He notado recientemente que el oro atraviesa una etapa muy compleja este año, y no es tan simple como algunos piensan. Después de que el metal amarillo logró ganancias increíbles en 2025 que superaron el 64 por ciento, y entró en 2026 con una fuerza enorme y alcanzó un máximo histórico cerca de 5595 dólares, el mercado se sorprendió con una corrección severa en marzo que reconfiguró toda la imagen.



La verdad es que si el precio del oro realmente está bajando no es una pregunta sencilla que se pueda responder con un sí o un no. El mercado ahora oscila entre dos fuerzas completamente opuestas. Por un lado, hay presiones reales del dólar fuerte y de los altos rendimientos en los bonos, además de las expectativas del mercado de que la Reserva Federal mantendrá las tasas altas por más tiempo.
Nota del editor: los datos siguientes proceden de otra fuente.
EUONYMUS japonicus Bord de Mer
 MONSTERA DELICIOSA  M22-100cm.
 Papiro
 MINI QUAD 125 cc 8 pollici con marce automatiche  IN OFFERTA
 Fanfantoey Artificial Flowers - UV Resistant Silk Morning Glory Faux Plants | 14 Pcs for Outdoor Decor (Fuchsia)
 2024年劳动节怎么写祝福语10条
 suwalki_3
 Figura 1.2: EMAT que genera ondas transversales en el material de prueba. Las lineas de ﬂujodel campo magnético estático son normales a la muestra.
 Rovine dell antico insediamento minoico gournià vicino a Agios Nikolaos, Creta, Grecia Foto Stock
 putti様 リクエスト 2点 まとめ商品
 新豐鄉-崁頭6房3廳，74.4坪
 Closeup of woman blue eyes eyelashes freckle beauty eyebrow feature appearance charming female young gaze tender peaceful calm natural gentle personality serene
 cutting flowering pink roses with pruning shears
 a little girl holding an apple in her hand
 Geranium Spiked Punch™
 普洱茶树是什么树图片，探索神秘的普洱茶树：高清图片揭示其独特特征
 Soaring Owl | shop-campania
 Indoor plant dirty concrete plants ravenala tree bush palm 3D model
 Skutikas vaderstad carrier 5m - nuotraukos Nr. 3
Pero por otro lado, todavía existen soportes fuertes que impiden una caída real: los bancos centrales están comprando con fuerza, la demanda de inversión todavía está presente, y las tensiones geopolíticas mantienen al oro como refugio seguro.

Lo que ocurrió en abril ilustra bien la situación. Después de datos de empleo sólidos que mostraron la creación de 178 mil empleos y una reducción en la tasa de desempleo al 4.3 por ciento, el oro se desplomó a aproximadamente 4658 dólares. Esto no fue solo una caída normal, sino una corrección aguda que eliminó alrededor del 21 por ciento del valor desde el máximo. Pero aquí viene la parte interesante: el mercado no continuó cayendo directamente, sino que empezó a fluctuar y a defender ciertos niveles.

Si las condiciones monetarias actuales persisten, el dólar sigue fuerte y los rendimientos permanecen altos, sí, el precio del oro podría bajar más. El nivel psicológico de 4500 dólares se ha vuelto crucial ahora: si el oro lo rompe claramente, podríamos ver una caída más profunda. Pero si se mantiene por encima, el escenario más probable es una amplia fluctuación entre aproximadamente 4500 y 4800 dólares.

Las grandes instituciones no han caído en el pesimismo a pesar de todo esto. JPMorgan pronostica que el oro llegará a 6300 dólares a fin de año, y UBS espera 5900 dólares con fluctuaciones en el camino. Esto te indica que los profesionales no ven un colapso prolongado, sino una corrección temporal antes de retomar la tendencia alcista.

Personalmente, veo tres escenarios posibles. El primero: una caída clara si el dólar sigue fuerte, las tasas altas y las noticias geopolíticas están tranquilas; en ese caso, podríamos ver 4300 dólares o menos. El segundo: una fluctuación amplia y una consolidación en el rango actual, que es lo que considero más cercano a la realidad ahora mismo. El tercero: frenar el escenario bajista y una recuperación fuerte si el dólar se relaja o si vuelve a hablarse de recortar las tasas.

Si estás pensando en comprar ahora, no pongas todo tu capital de una vez. Prefiero comprar en etapas: una parte si baja un 5 por ciento, otra si baja un 10 por ciento, y así sucesivamente. Esto reduce el costo promedio y minimiza el riesgo de elegir un mal momento. Además, no olvides que el análisis técnico es importante aquí: busca niveles de soporte claros antes de tomar tu decisión.

En resumen, si el precio del oro bajará en 2026 depende de si las presiones monetarias continúan o no. Pero incluso en los peores escenarios, todavía hay soportes que impiden un colapso real. El mercado ahora requiere una vigilancia inteligente y no apuestas emocionales.